As the concept of responsible investing gains traction in the U.S., defined contribution plan sponsors and consultants may be well advised to note the findings of a study released Friday by Calvert Investments.
Employees who had access to responsible investing options in their retirement plans were more satisfied with their employers than those who didn’t, the study found.
The study explored participants’ familiarity with and receptivity to responsible investing. It also looked at how including responsible investing plan options would affect engagement with a company’s plan and attitudes about the employer.
Calvert, a provider of responsible investments, defines RI as investing in companies that are good in terms of environmental stewardship, respect for human rights and strong governance practices.
The research was conducted by 8 Acre Perspective, which polled 1,231 defined contribution retirement plan participants, including 401(k), 403(b) and 457 plan participants, and 295 eligible nonparticipants, between July 29 and Aug. 10.
Plan participants in the study expressed concern about challenges facing society, and wanted to be involved in solving them.
Seventy percent said supporting causes they believed in was an important part of their life, and 87% said they wanted investment options that aligned with their values.
The research showed that 82% of retirement plan participants were likely to select a responsible investment option if one were offered by their plan, and 32% of those interested said they would direct all of their plan contributions to such options.
Millennials, in particular, were more likely to direct all of their plan contributions to responsible investing mutual funds if these were on offer, the survey found.
Fifty-six percent of eligible nonparticipants were also more likely to participate in the plan if it offered a responsible investing option.

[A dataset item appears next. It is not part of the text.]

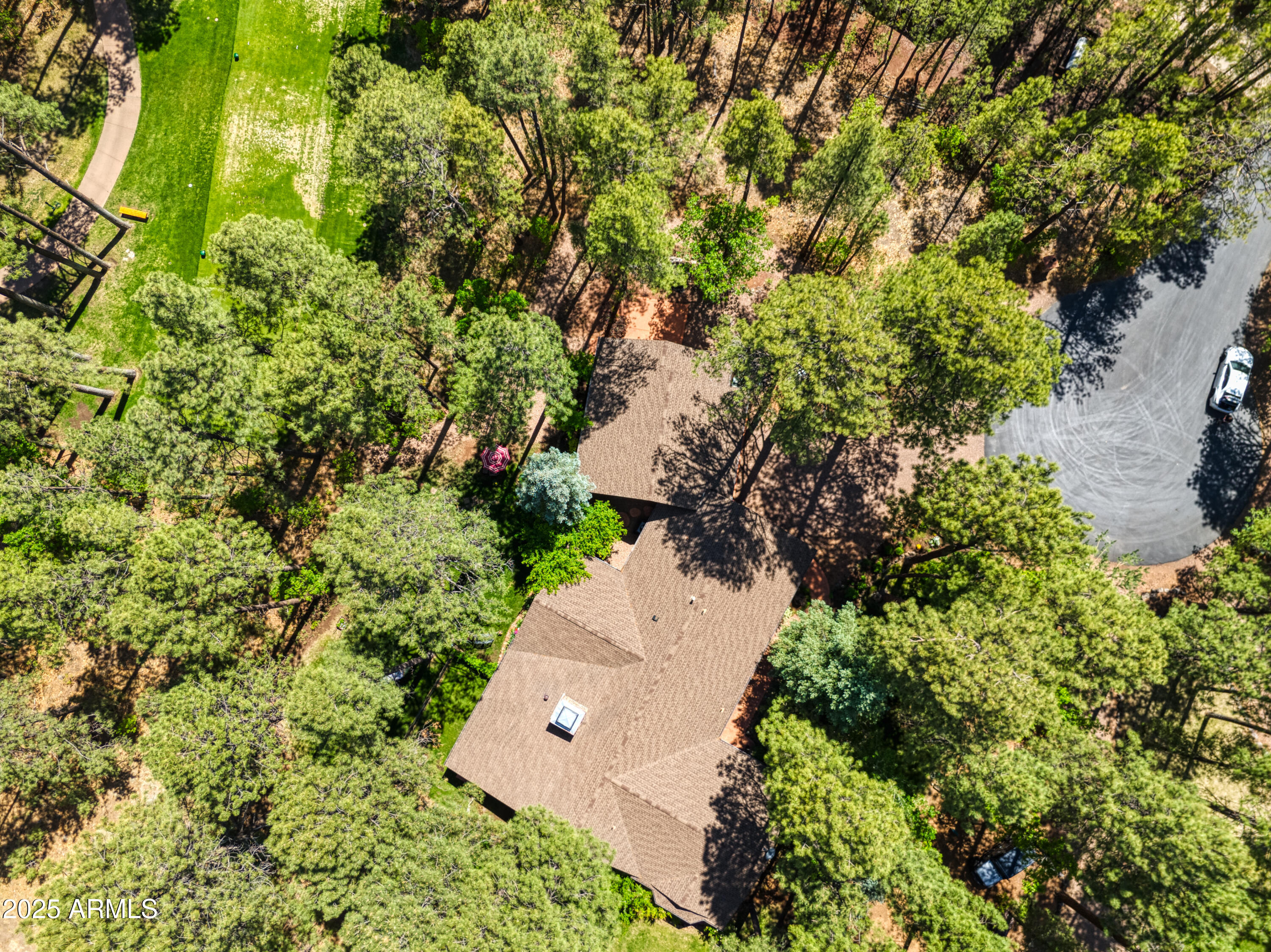 3437 RED ROBIN Road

For companies that have yet to offer responsible investing options, educating employees can lead to widespread interest among participants in exploring this investment opportunity, researchers found.
After being read a definition of responsible investing, 72% of those polled said they would likely invest in a responsible investing product in the next 12 months.
Millennials, Asian-Americans and African-Americans were most likely to consider responsible investing mutual funds in the upcoming year.
In addition, 47% of participants said they preferred to invest with a firm that specializes in responsible investing rather than a generalist firm.
Some two-thirds of participants assumed that responsible investing funds would be as good as or better than other mutual funds in terms of risk, volatility and performance.
And more than half said they would be willing to pay more for these funds.
In a finding that should put companies on alert, 61% of participants who had responsible investing options available in their plan reported high satisfaction with their employer, compared with 44% who did not have these options.
Those with responsible options were also likelier to recommend the employer.
“These findings give a clear indication to plan sponsors that participants not only want them to offer a responsible investing option, but that by doing so, many plan participants would feel better about the plan and their employer,” Lynne Ford, Calvert’s executive vice president of distribution, said in a statement.
Calvert didn’t explore whether the ability to invest in RI funds made employees happier or the companies that offered them simply were more likely to treat their employees better.
The study also included a Responsible Investment Engagement Index, created from respondents’ ratings of 10 questions. Each respondent could receive a score of zero to 100 based on their individual ratings.
Across all participants, the average score was 62, indicating a positive mindset toward responsible investing, Calvert said in the statement.
Female, millennial and African-American respondents, each with a score of 65, skewed higher than their male (60), generational (Gen X 63, boomer 59) and Caucasian (62) counterparts.
As well, companies with between 500 and 999 employees scored significantly higher on the index than both smaller and larger firms.